Looking for alternatives- SLIT is born:
As early as 1913, alternatives such as nasal and oral routes were being proposed. Oral therapy includes direct swallow and sublingual (under the tongue) methods (SLIT).   In 1998 the World Health Organization approved both the sublingual and nasal methods as viable alternatives to SCIT.  Nasal delivery proved to be difficult and less accepted. Oral immunotherapy with immediate swallowing is less effective than SLIT. 

SLIT- the basics: 
At ENT Carolina, we offer SLIT and follow the American Academy of Otolaryngic Allergy dosing recommendations. Patients start at a standard concentration and advance over twelve weeks to a maximum strength for one year. If satisfactory response is not seen by a year, therapy is stopped but for the great majority of patients who respond, continue for 3-5 years.  At the end of 5 years, a small percentage require longer therapy, but most develop persistent symptom relief.

How SLIT works: 
It appears the effectiveness of SLIT correlates with the duration of contact with the mouth’s lining. There may be a critical interaction between the immune cells of the floor of the mouth and this effectiveness. It is important to watch the clock to ensure 2 minutes of exposure time. Dosing is performed once daily.
 

Effectiveness of SLIT has been based on reports of symptom decrease and reduced dependency on medications. Duration of at least three years appears necessary for most antigens. Pollen therapy appears most effective with dust mite and pets requiring longer times. We see effects beginning in about six months.

The downsides to SLIT:
Only mild reactions such as oral itching, headache, runny nose, hives, constipation or other gastrointestinal side effects are occasionally seen. To date there have been three episodes of anaphylaxis, and no deaths, associated with SLIT. There have been no reports of anaphylaxis (shock) with inhalant allergens. 

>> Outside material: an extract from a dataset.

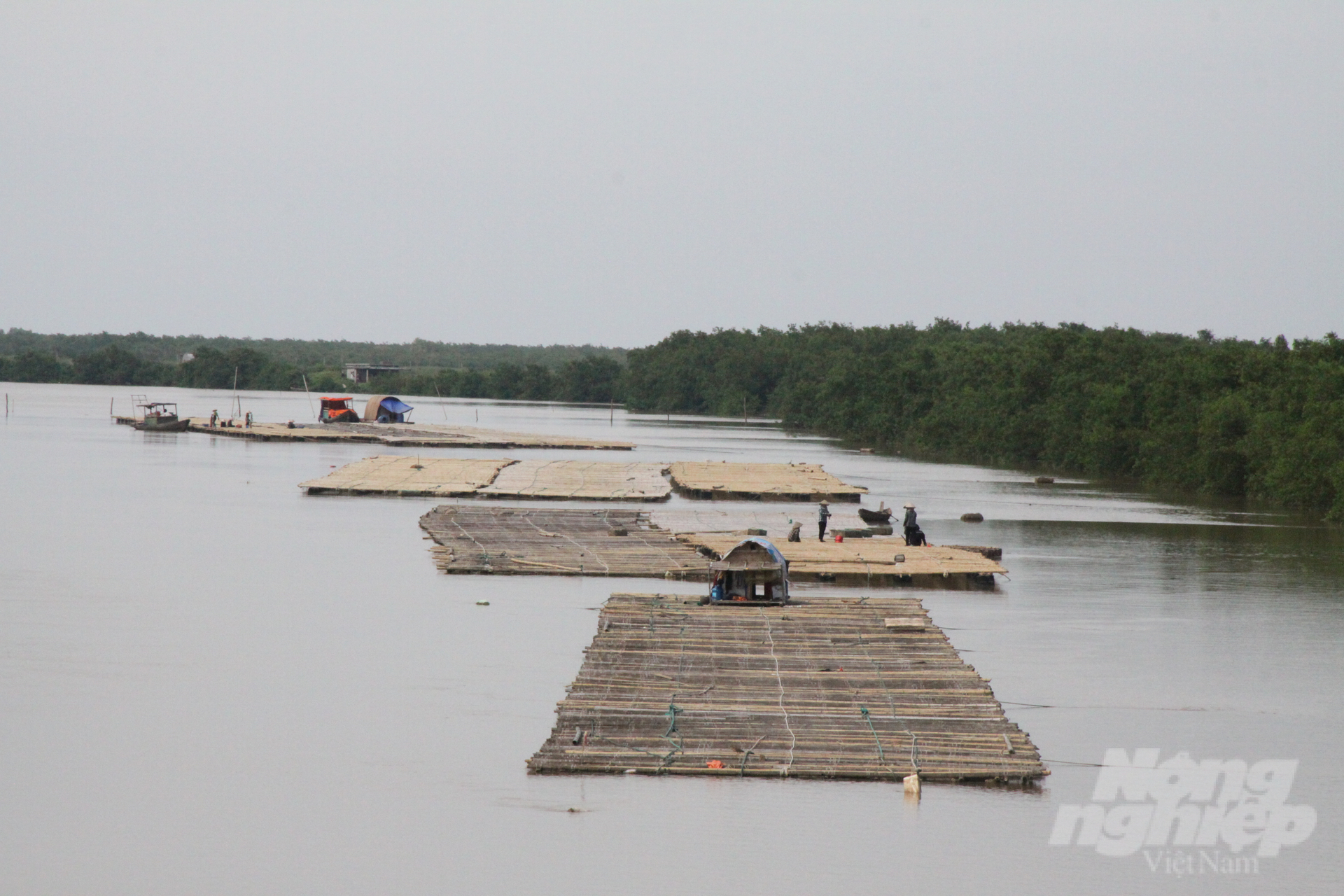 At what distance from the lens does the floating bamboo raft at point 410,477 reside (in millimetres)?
40938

Sublingual immunotherapy is prepared from the same FDA approved antigen extracts used for subcutaneous therapy; however, the FDA has not approved sublingual administration. This is an "off-label" use for allergen extract.  Off-label uses for medications are very common with estimates of 25-50% of all prescriptions being for off-label indications. The studies and review process needed to obtain this approval are underway at this time.  Experience in Europe for over 25 years has demonstrated safety and efficacy. American data is just beginning to become available.

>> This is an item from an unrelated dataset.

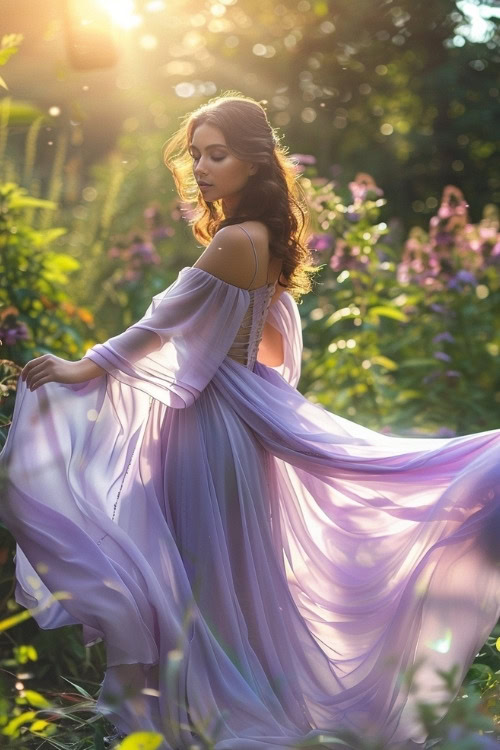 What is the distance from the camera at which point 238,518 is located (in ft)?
8.01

In 2005, the Asthma and Allergy Foundation of America performed a survey of allergy patients that asked for the important features of an allergy medication.  These were the features that were important to 50% or more of the respondents, and how these features relate to SLIT.

 

SCIT-shots

SLIT- drops

Long lasting symptom relief

Yes

Yes

Rapid relief of symptoms

No (months)

No (months)

Minimal side effects

Yes, but more than SLIT

Yes

No sedation/ Drowsiness

Yes

Yes

Covered by insurance

Sometimes

No

Inexpensive

Depends on ins. benefits

Less than $20/ week

Safe with other medications

Yes, except Beta Blockers

Yes, except Beta Blockers

Easy to take

Requires office visits

Home based, 2 min/day

Non-habit forming

Yes, but must use weekly

Yes, but must use daily

Dosing flexibility (as needed)

No, must use weekly

No, must use daily

Targets specific symptoms

No, works on all

No, works on all

Steroid free

Yes

Yes

So why would someone choose one form of immunotherapy over another?  Subcutaneous immunotherapy is the time tested therapy used for over a century in this country. In addition, insurance companies have generally provided better benefits for SCIT than SLIT.Sublingual immunotherapy is relatively new to the scene, but has proven in over a decade of my experience, to have very positive results. European studies have shown efficacy similar to subcutaneous therapy for several antigens. There is the obvious benefit to a home based, self administered, needle-less therapy. The safety and side effect profiles of SLIT appear superior to SCIT. For many patients, there is not a significant cost difference even with “insurance coverage” so they would just prefer the ease and convenience of “allergy drops”.